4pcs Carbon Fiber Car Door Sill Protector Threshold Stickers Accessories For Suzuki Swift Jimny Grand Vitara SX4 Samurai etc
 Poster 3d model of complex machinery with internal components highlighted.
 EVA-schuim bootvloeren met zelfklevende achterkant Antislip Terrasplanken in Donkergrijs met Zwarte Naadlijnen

> _INSTRUCTIONS FOR THE TASK_:
Output the listing above in full, exactly as written.

> _EXERCISE SOLUTION_:
4pcs Carbon Fiber Car Door Sill Protector Threshold Stickers Accessories For Suzuki Swift Jimny Grand Vitara SX4 Samurai etc
 Poster 3d model of complex machinery with internal components highlighted.
 EVA-schuim bootvloeren met zelfklevende achterkant Antislip Terrasplanken in Donkergrijs met Zwarte Naadlijnen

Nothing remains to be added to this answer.